13 August 2012

The downside of deer


They are impressive animals, but an editorial from Bloomberg News (via the StarTribune) explains that there are negative features to consider, especially when the population expands:
There were about 1.09 million deer-vehicle collisions from June 2010 to June 2011, State Farm Insurance reports, with average property damage of more than $3,000 an accident. Add to that a billion or so dollars for agricultural damage. Deer carry ticks that spread Lyme disease. And their voracious chomping has resulted in "ghost forests" -- particularly in the Northeast.

If a forest is healthy, it will support about 15 deer per square mile, and many scientists say that a degraded patch can't be restored unless the population is about five per square mile. Compare that target with the actual deer densities: Some areas of the United States have 40 to 50 of them in a square mile, with much higher estimates in some Eastern suburbs.

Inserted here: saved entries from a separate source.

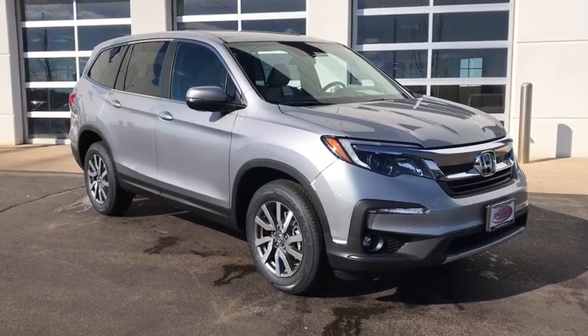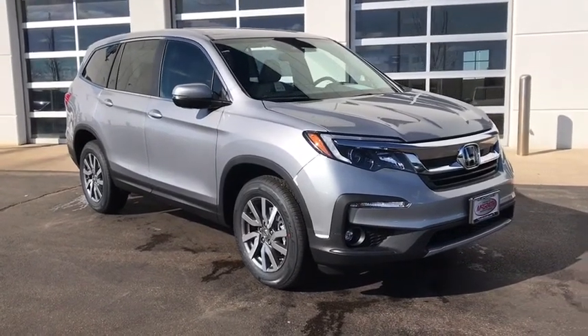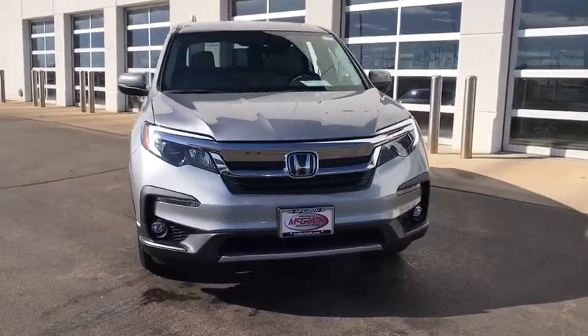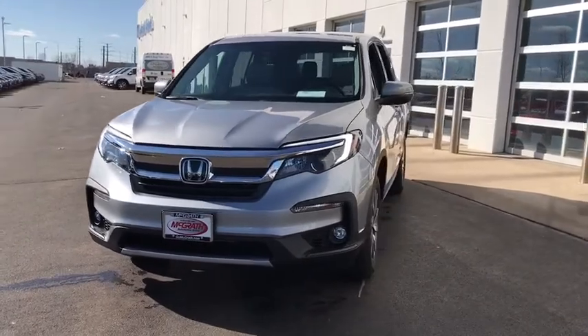Come test drive the 2020 Honda Pilot. Optimal utility. Indulgent interior. Powerful performer. You'll be ready for almost anything in the Honda Pilot.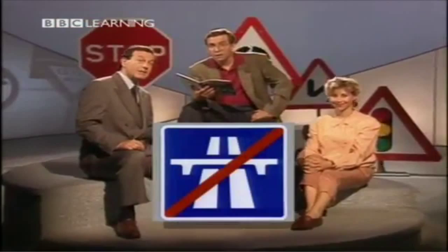OK, Kevin, one last one. What does this sign mean? That means you're at the end of the motorway. That's right, and we're at the end of the program. Goodbye.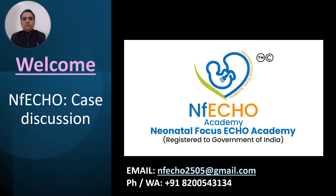If you are interested in doing courses in Focus and neonatal echoes, we provide hybrid courses and online courses — one month to one week physical hands-on courses. If you are interested, please email us at nfecho2505@gmail.com or you can send us a message on the WhatsApp number shown in this video.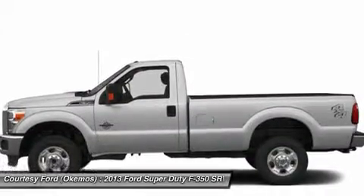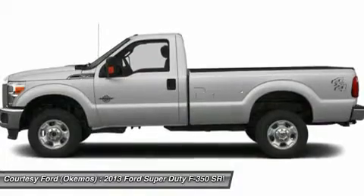Searching for a dependable vehicle that looks great too? You've found it, so stop in today.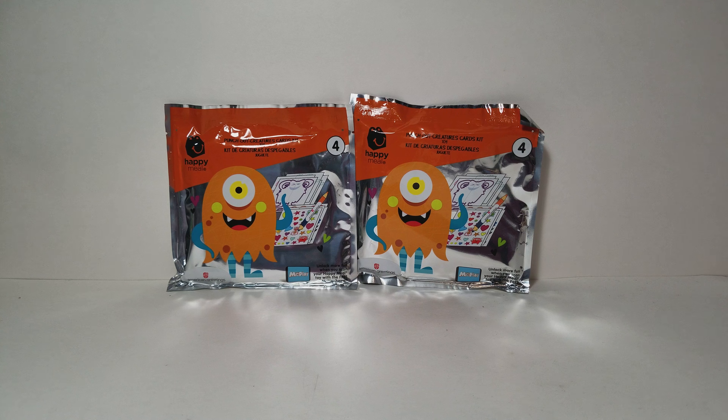Hi guys, today I have the American Greetings Happy Meal toy number 4 for February 2018. This is the Punch Out Creatures Cards Kit — they're doing American Greeting Cards for Valentine's Day. This set is actually about 2 weeks, so it's shorter than most Happy Meal sets, because there's no point having these after Valentine's Day, and there are only 4 different things you could get in the set.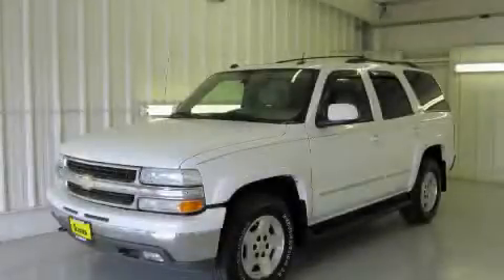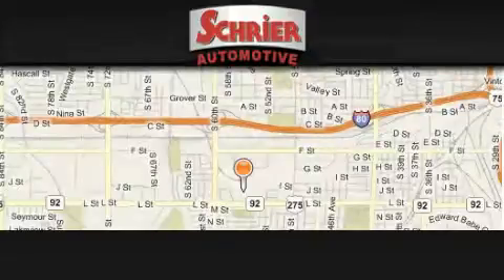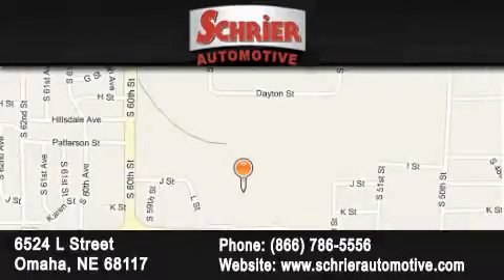Please call us today for more information on this great vehicle. Schreyer Automotive is located at 6524 L Street in Omaha. Our goal is to exceed all of your expectations to ensure that you'll return for future visits.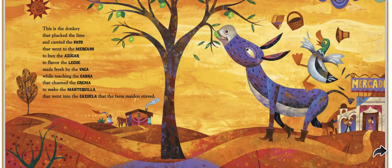This is the duck that went to the market to buy the sugar to flavor the leche made fresh by the vaca while teaching the cabra that churned the crema to make the mantequilla that went into the cazuela that the farm maiden stirred.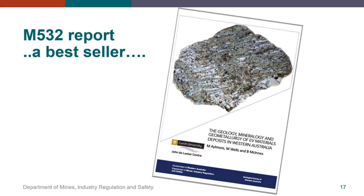So, if you want to find out more about WA's pegmatites, the M532 report is now available through GSWA's eBookshop. Please check it out, and if you have any questions and would like to get in touch, please don't hesitate to contact me. Thank you.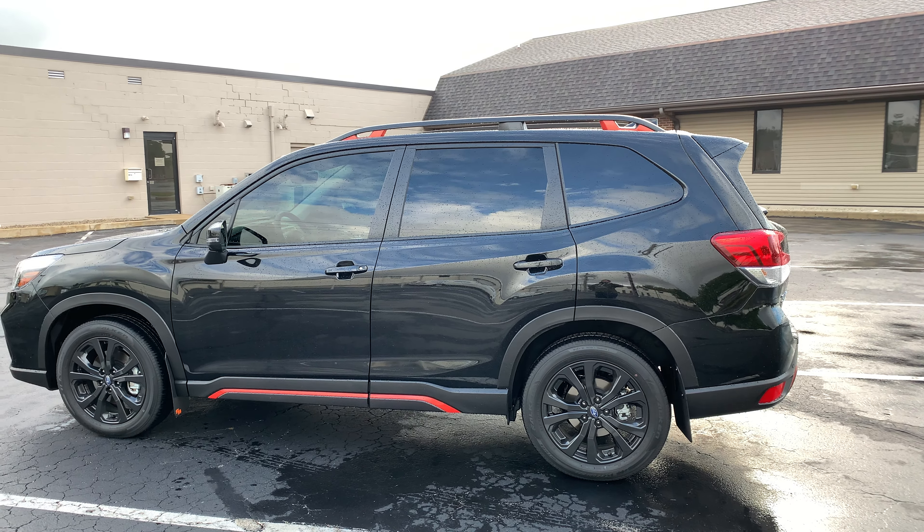I already have a Penn Station grease mark on the stock mat — I was picking up Penn Station and some fries flew forward when the bag ripped. With the Subaru all-weather mats that grease would have hit the actual carpet, which would have been bad. That's why the Huskys are so worth it.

In New Jersey, one-third of the remaining species of native plants are endangered, largely because of deer. Many warblers, thrushes and dozens of other ground-nesting birds lose the protection of native plants, and some species of native pollinators -- butterflies, moths, beetles -- vanish...

The hunters who are supposed to control the deer want to keep the numbers up so they have a better chance of shooting a buck. They support changes such as the New Jersey measure to allow bow hunting closer to houses, but they generally oppose efforts to reduce the deer population...

12 comments:

  1. Good grief, Stan, for a second I thought there was a downside to beer...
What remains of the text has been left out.